Sweetwater Blu-ray Movie, Video Quality  4.0 of 5

Sweetwater was shot on film by Brad Shield (The Square), a much-in-demand second unit DP on major Hollywood productions (e.g., The Avengers and The Wolverine). Final color timing was completed on a digital intermediate, from which ARC's 1080p, AVC-encoded Blu-ray has presumably been sourced. The Blu-ray image is generally impressive, with excellent sharpness and detail, a delicately differentiated palette that effectively represents the New Mexico land and sky against which Sarah, Jackson and the Prophet Josiah stand out as misfits, and an appropriate balance of dark and contrast to capture the peculiar quality of the New Mexico light. The transfer's only significant flaw is recurrent video noise that ripples across the long shots, usually in the more complex imagery on the ground. This is not film grain, because it isn't evenly distributed around the frame; it's transfer-induced noise and, to the extent that de-noising software wasn't randomly applied, we can only be grateful. However, at this stage of Blu-ray's evolution, and especially with the software now available in the latest DI suites, it's unusual to encounter such noise, and one must assume that it's an unavoidable side effect of "pushing" the contrast (or perhaps specific colors) to achieve other effects considered desirable.

The average bitrate of 24 Mbps is adequate to avoid any compression errors, especially given the black letterbox bars.
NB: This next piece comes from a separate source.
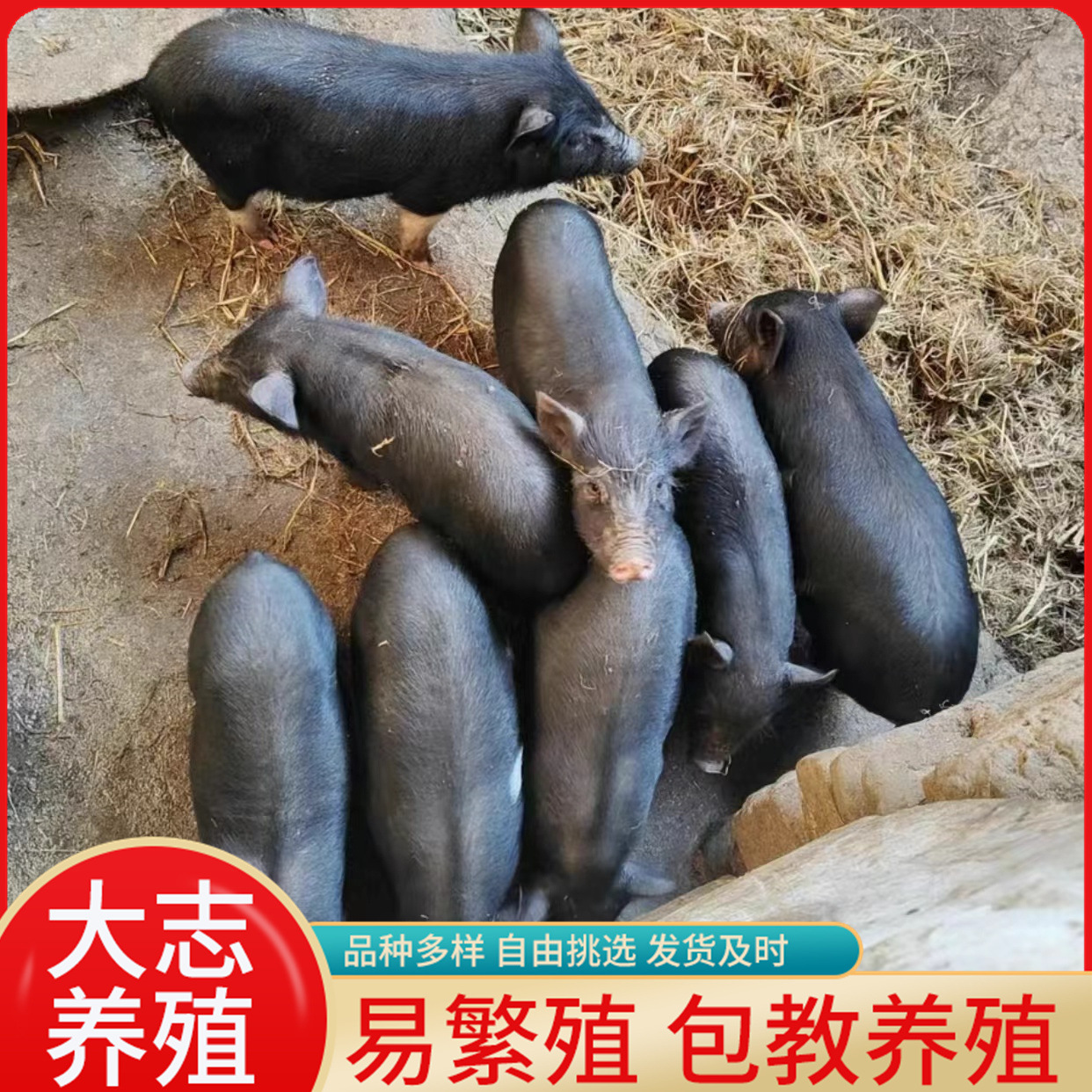 低价批发活体小藏香猪仔 藏香猪种价格 出售藏香猪苗纯种猪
While the film has a few major action scenes, it also contains numerous scenes of stillness and dialogue, allowing the compressionist room to maneuver.


Sweetwater Blu-ray Movie, Audio Quality  4.0 of 5

The film's original 5.1 soundtrack is presented in lossless DTS-HD MA, and it sounds excellent. The surrounds provide some expressively suggestive sound effects for key moments, like the introduction of the Prophet Josiah and his "visionary" moments, when an invisible choir sings around him. The sounds of animals and desert winds also move into the surrounds, where appropriate. The track provides punch and, depending on the weapon, deep bass extension for many of the gunshots. Voices are generally clear, even with Ed Harris' deliberately skewed delivery. The score by Martin Davich, who did Touching Home for the Millers and was the regular composer for ER, runs the gamut from traditional Western to religious themes to action film.
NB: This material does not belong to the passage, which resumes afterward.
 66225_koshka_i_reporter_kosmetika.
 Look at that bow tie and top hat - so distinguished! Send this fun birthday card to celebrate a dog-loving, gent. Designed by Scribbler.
Sweetwater Blu-ray Movie, Special Features and Extras  2.0 of 5

  • The Making of Sweetwater (1080p; 1.78:1; 10:32): This is an informative behind-the-scenes featurette that includes interviews with Jones, Harris, Isaacs, Noriega and Ramirez, as well as the Millers. The participants discuss the history of the project, their characters and the experience of making the film, including what it's like to work with sheep as co-stars.
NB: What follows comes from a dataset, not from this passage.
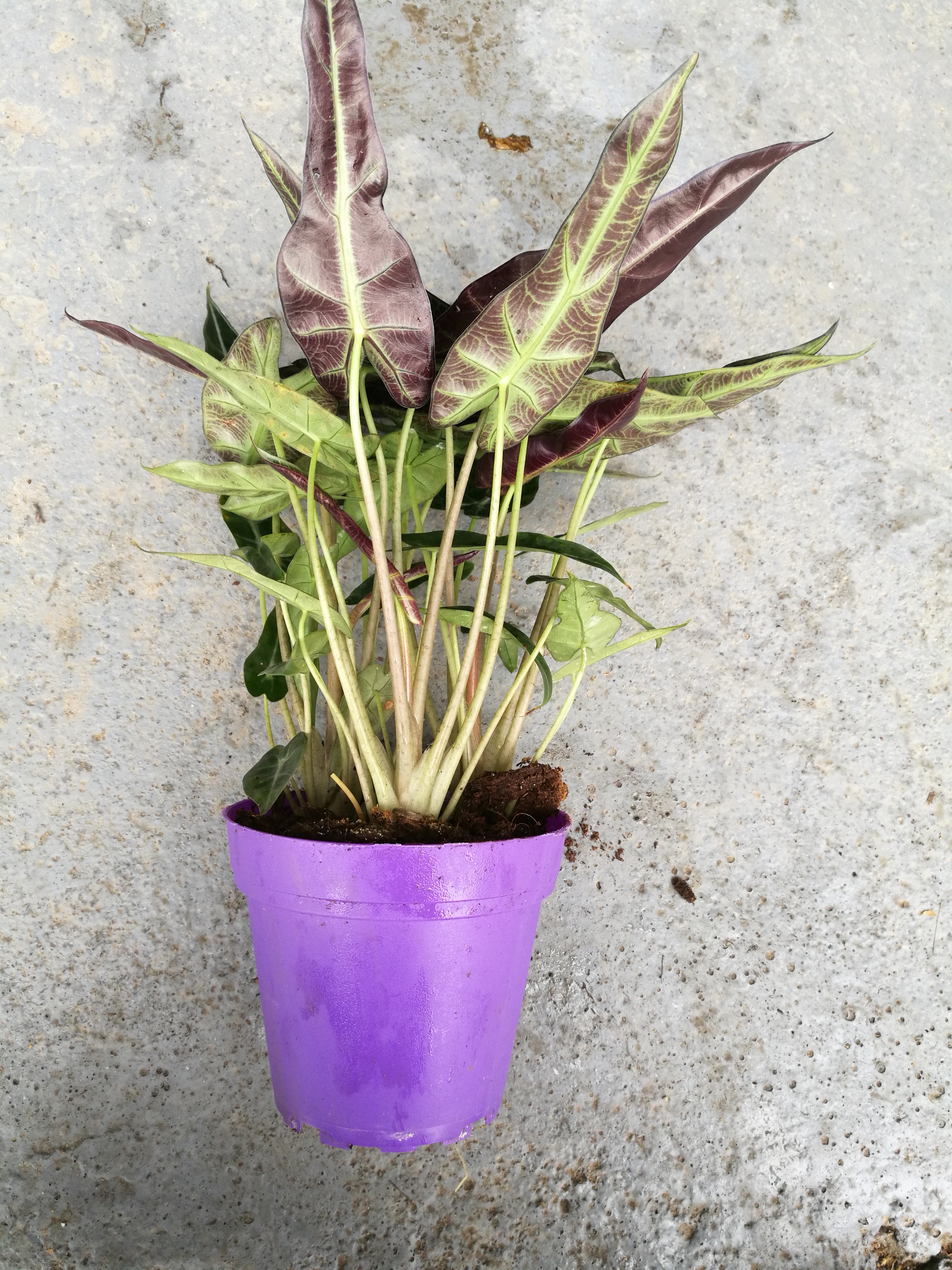 小仙女圖片/小仙女樣板圖 (3)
  • "Cold Grey Light of Dawn" by Hudson Moore (1080p; 1.78:1; 3:19): This song plays over the closing credits. The visual is a still image, and the audio is DD 2.0 at 192kbps.


  • Trailer (1080p; 2.35:1; 1:37).


  • Additonal Trailers: At startup, the disc plays trailers for Bounty Killer, The Starving Games and Vehicle 19. These can be skipped with the chapter forward button and are not otherwise available once the disc loads.


Sweetwater Blu-ray Movie, Overall Score and Recommendation  4.0 of 5

Westerns are an endangered species in American filmmaking. While Sweetwater lacks the studio budget for a full-scale production to rival Ed Harris' own venture into the genre with Appaloosa (2008) or James Mangold's remake of 3:10 to Yuma (2007), the Millers squeeze major production value out of their locations, get the most out of their talented cast and bend the genre cliches with enough originality to keep the story intriguing. And they know not to overstay their welcome. When vengeance is done, the credits roll. Recommended.